Wisconsin will receive over $1 million in grants to diversify its agriculture through specialty crops such as nuts and ginseng. The grants will go toward research designed to make distribution of these crops more efficient, enhance food safety, look at invasive species and promote sustainable production. Some of the money, however, will also go toward corn – the most widely grown crop in the United States and one of the largest crops produced in Wisconsin.
The grant money is coming from the U.S. Department of Agriculture specialty crop block grant program. The program supports the growth and marketing of specialty crops in the US in order to keep US agriculture more competitive. The grant funding is broken out in small awards targeted to specific research projects. One of the more notable awards provides $36,500 to Midwest Food Processors to conduct field studies to evaluate nitrate leaching in sweet corn production – a surprising inclusion considering the virtual ubiquity of corn crops across the nation and Wisconsin.
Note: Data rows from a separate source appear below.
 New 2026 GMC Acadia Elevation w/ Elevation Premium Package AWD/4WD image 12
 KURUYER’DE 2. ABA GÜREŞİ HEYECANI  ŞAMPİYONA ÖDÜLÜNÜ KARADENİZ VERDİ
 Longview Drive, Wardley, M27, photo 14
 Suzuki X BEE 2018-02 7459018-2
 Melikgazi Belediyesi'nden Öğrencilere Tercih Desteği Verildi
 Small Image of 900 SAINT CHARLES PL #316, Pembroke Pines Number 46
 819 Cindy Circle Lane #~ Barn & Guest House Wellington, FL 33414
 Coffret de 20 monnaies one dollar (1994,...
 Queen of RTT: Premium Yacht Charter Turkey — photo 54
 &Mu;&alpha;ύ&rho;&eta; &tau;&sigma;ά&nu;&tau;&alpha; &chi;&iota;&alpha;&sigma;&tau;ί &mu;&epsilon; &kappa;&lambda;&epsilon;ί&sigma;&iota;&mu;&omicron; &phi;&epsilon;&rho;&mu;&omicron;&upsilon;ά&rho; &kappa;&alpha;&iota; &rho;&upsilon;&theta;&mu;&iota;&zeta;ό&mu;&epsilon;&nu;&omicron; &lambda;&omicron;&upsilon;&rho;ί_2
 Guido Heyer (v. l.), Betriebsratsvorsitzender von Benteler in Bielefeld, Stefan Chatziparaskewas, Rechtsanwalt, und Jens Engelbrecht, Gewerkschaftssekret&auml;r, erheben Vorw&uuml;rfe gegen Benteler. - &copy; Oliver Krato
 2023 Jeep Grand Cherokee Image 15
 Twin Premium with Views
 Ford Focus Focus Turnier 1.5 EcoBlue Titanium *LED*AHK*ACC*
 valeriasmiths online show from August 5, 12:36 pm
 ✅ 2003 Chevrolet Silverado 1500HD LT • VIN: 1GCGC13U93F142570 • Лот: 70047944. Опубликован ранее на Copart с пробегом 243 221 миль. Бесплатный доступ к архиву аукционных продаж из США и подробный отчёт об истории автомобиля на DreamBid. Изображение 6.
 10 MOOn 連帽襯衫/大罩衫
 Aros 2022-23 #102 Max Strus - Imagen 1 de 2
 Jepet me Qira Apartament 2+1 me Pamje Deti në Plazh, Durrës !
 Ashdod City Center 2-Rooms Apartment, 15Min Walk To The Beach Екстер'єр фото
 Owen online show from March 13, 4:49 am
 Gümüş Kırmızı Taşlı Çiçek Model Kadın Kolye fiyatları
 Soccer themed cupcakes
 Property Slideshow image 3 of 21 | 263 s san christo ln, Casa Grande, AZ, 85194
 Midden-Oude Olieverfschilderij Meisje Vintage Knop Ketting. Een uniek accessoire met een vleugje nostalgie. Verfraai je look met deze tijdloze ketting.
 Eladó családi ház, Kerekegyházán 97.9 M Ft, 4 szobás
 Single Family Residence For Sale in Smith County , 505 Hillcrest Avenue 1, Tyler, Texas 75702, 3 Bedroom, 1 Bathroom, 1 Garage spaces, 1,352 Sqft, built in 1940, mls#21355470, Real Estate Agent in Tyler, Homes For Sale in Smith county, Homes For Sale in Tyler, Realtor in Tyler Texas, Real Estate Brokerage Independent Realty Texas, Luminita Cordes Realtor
Wisconsin is also home to a variety of specialty crops including ginseng, mint, hazelnuts and cranberries. Wisconsin cranberry growers produce half the world’s cranberry supply and the Wisconsin State Cranberry Growers Association works on research to enhance the sustainability of this popular specialty crop. Agriculture accounts for $59 billion in Wisconsin annually and is responsible for more than 1 in 10 jobs in the state.
“Agriculture is Wisconsin’s past and our future,” Governor Doyle said. “One of Wisconsin’s greatest agricultural strengths is its diversity, and these grants will take advantage of our tremendous capacity for research and innovation to keep farmers on the competitive edge as they compete worldwide.”